If you haven’t seen this time-travel romance, prepare for one of movies’ greatest lump-in-throat escapes ever. Famed sci-fi author/screenwriter Richard Matheson’s plot: Modern-day playwright Richard (Christopher Reeve) falls for a woman in a vintage photo of 18th-century actress Elise (Seymour) and winds up connecting with her via hypnosis. The poignant climax is only heightened by Bond flick composer John Barry’s lingering theme. “When it came out, Universal did no promotion at all,” rues Seymour. “But it's become this extraordinary global phenomenon.” Indeed, each year on Michigan’s tiny Mackinac Island—the movie was filmed there at a historic hotel—a festival’s held for fans. Yes, Seymour goes and takes the family. “My grandchildren have fallen in love with the movie! We get to go back in time.” And to honor her “dear friend,” the late Reeve. "We hit it off from the start.”

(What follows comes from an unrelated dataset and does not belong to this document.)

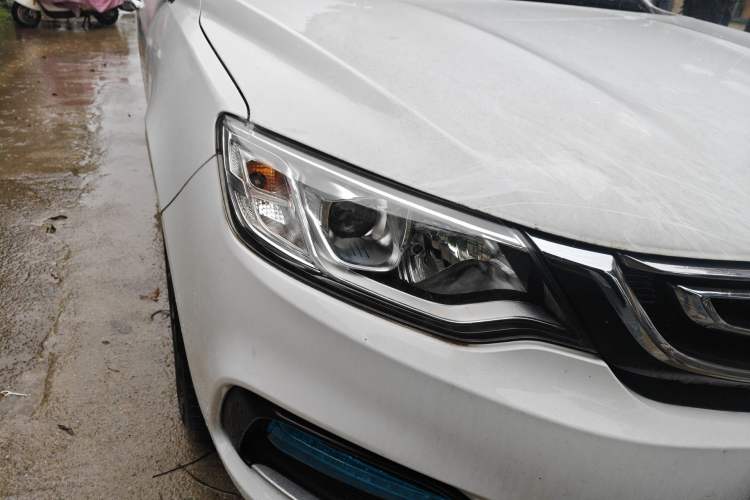 Used Geely Auto Vision 2018 1.5L Manual Happiness Edition Right Front Headlight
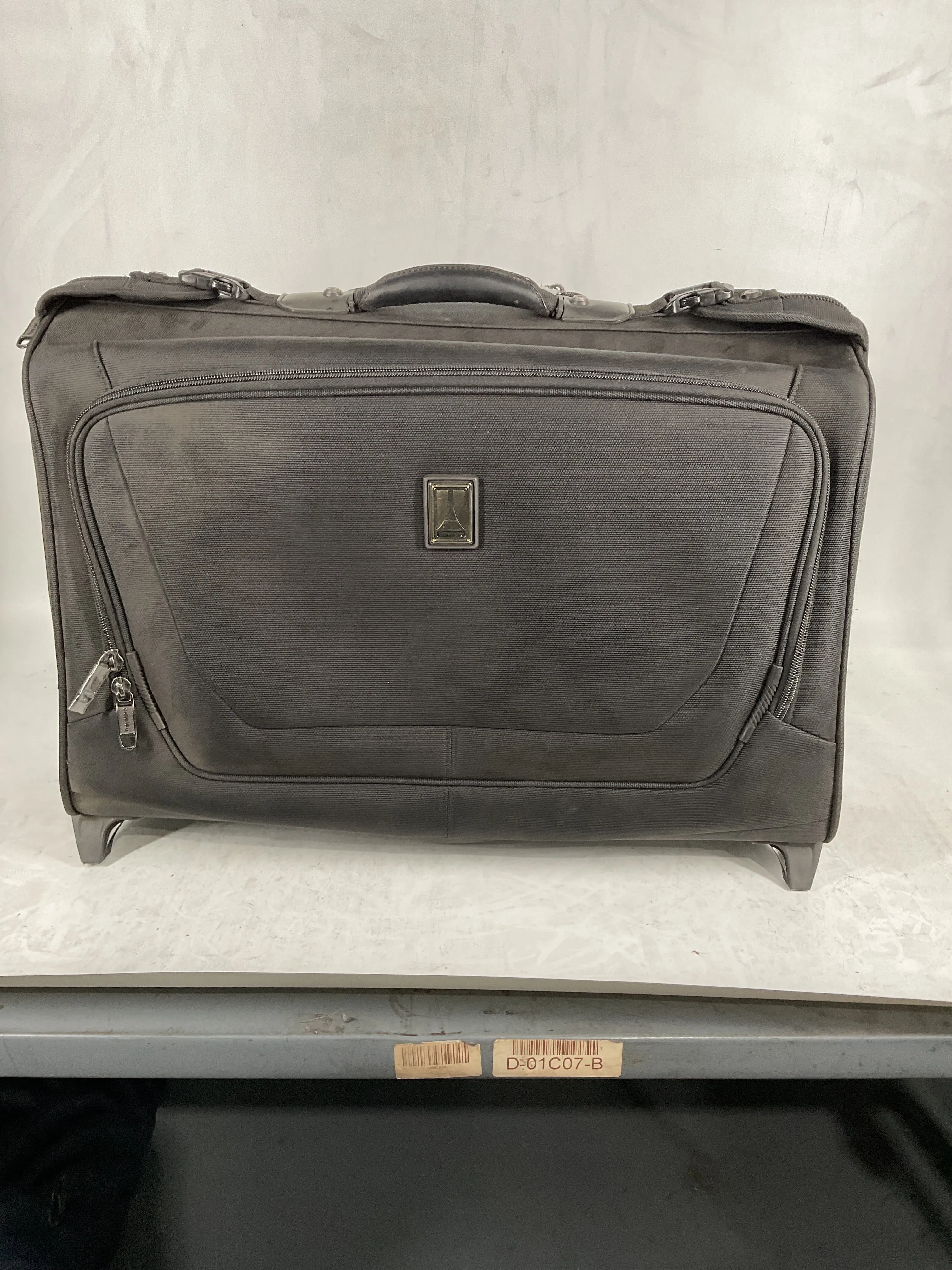 Travelpro Maxlite 5 Softside Lightweight Carry-On Upright 2 Wheel Rolling Garment Bag, Men and Women Black One Size U9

War and Remembrance (1988-89)

Reportedly the most expensive miniseries ever made at its time (over $213 million in today’s bucks), this sequel to ABC’s pre-WWII miniseries The Winds of War picks up post Pearl Harbor, focusing on how two connected families are ravaged by everything from the Battle of Midway to Hitler’s march. Seymour replaces Ali McGraw as Natalie, the Jewish daughter-in-law of U.S. Navy captain Pug (Robert Mitchum)—a woman who winds up in a concentration camp. “I lost a lot of cousins on the Jewish side of my family,” says Seymour. “My mother was in a concentration camp for three and a half years in Indonesia under the Japanese. So I have a personal connection to the material.”

Wedding Crashers (2005)

“I'd just come off doing Dr. Quinn and I thought, Dr. Quinn fans will die but this is the funniest thing I've ever read in my life. I was howling with laughter,” recalls Seymour. Role: Kathleen “Kitty Cat” Cleary, a stunner out to a seduce younger scamp (Owen Wilson) who’s got his sites on her daughter (Rachel McAdams). “After I auditioned, (director) David Dobkin called me at the house that evening and said, ‘Can you come back in and up the sexuality?' I said, ‘If you give me something other than another woman my own age to read with.' They called my bluff: I got back in there and there was the hottest actor that you've ever seen—the one who winds up as the groom (Vince Vaughn). I was like, 'Oh my God.' I auditioned again and they offered it to me right away!”